Asy-Syaikh Al-Mufassir ‘Abdurrahman bin Nashir As-Sa’di rahimahullah menjelaskan dalam Tafsir-nya : “Maka setiap orang yang makin berilmu tentang Allah, maka dia akan semakin besar sifat khasy-yah (takut) terhadap-Nya. Maka sifat khasy-yah tersebut mendorongnya untuk menjauh dari segala kemaksiatan, dan sebaliknya mendorongnya untuk bersiap-siap menyongsong pertemuan dengan Dzat yang ia takut terhadap-Nya. Ini merupakan dalil atas keutamaan ilmu. Sesungguhnya ilmu mengantarkan untuk khasy-yah (takut) terhadap Allah. Seorang yang memiliki sifat khasy-yah terhadap-Nya adalah orang yang berhak mendapat kemuliaan dari-Nya. Sebagaimana firman-Nya : “Allah ridha terhadap mereka dan merekapun ridha terhadap-Nya. Yang demikian itu adalah (balasan) bagi orang yang khasy-yah (takut) kepada Rabbnya.” [Al-Bayyinah : 8]

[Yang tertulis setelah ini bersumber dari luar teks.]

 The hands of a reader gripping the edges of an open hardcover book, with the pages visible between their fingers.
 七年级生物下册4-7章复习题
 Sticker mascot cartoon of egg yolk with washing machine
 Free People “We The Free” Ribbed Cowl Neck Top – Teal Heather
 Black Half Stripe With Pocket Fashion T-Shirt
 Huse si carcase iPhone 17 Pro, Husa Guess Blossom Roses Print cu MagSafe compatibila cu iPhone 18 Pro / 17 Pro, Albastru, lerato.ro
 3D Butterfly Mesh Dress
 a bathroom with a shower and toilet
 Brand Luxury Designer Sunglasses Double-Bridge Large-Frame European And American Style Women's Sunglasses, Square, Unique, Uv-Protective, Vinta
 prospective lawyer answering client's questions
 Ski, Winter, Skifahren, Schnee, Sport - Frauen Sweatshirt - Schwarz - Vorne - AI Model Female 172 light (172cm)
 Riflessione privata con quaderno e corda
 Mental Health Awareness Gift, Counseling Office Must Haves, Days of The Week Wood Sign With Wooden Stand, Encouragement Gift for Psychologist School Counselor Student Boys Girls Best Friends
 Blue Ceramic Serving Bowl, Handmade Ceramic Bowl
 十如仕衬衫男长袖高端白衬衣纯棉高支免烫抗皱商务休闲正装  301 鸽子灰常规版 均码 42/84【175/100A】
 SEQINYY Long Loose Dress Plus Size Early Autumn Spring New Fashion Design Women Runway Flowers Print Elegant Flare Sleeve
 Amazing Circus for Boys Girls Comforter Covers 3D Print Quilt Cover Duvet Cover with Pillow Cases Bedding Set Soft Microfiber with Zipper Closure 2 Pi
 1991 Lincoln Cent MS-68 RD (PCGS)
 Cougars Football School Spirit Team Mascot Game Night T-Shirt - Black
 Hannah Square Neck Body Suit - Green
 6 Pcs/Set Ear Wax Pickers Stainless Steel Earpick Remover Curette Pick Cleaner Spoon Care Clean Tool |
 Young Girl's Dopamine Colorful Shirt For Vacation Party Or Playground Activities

Sungguh para ‘ulama merupakan pelita bagi umat. Keberadaan mereka sangat penting dalam membimbing dan mengarahkan umat ini ke jalan hidayah, dengan berpedoman kepada Al-Qur’an dan As-Sunnah berdasarkan pemahaman para generasi as-salafush shalih. Mereka adalah orang-orang terpercaya, pewaris para Nabi, yang mengemban tugas besar menjaga agama ini dari berbagai penyelewengan dan penyimpangan. Rasulullah shalallahu ‘alaihi wasallam bersabda :
Sungguh kepergian mereka merupakan musibah besar bagi umat ini. Rasulullah shalallahu ‘alaihi wasallam bersabda :
إِنَّ اللهَ لاَ يَقْبِضُ الْعِلْمَ انْتِزَاعًا يَنْتَزِعُهُ مِنْ الْعِبَادِ، وَلَكِنْ يَقْبِضُ الْعِلْمَ بِقَبْضِ الْعُلَمَاءِ؛ حَتَّى إِذَا لَمْ يُبْقِ عَالِمًا اتَّخَذَ النَّاسُ رُءُوسًا جُهَّالاً، فَسُئِلُوا فَأَفْتَوْا بِغَيْرِ عِلْمٍ فَضَلُّوا وَأَضَلُّوا.
“Sesungguhnya Allah tidak mencabut ilmu dengan serta merta mencabutnya dari hati manusia. Akan tetapi Allah mencabut ilmu dengan cara mewafatkan para ‘ulama. Kalau Allah tidak lagi menyisakan seorang ‘ulama pun, maka manusia akan menjadikan pimpinan-pimpinan yang bodoh. Kemudian para pimpinan bodoh tersebut akan ditanya dan mereka pun berfatwa tanpa ilmu. Akhirnya mereka sesat dan menyesatkan. [Al-Bukhari (100, 7307); Muslim (2673)]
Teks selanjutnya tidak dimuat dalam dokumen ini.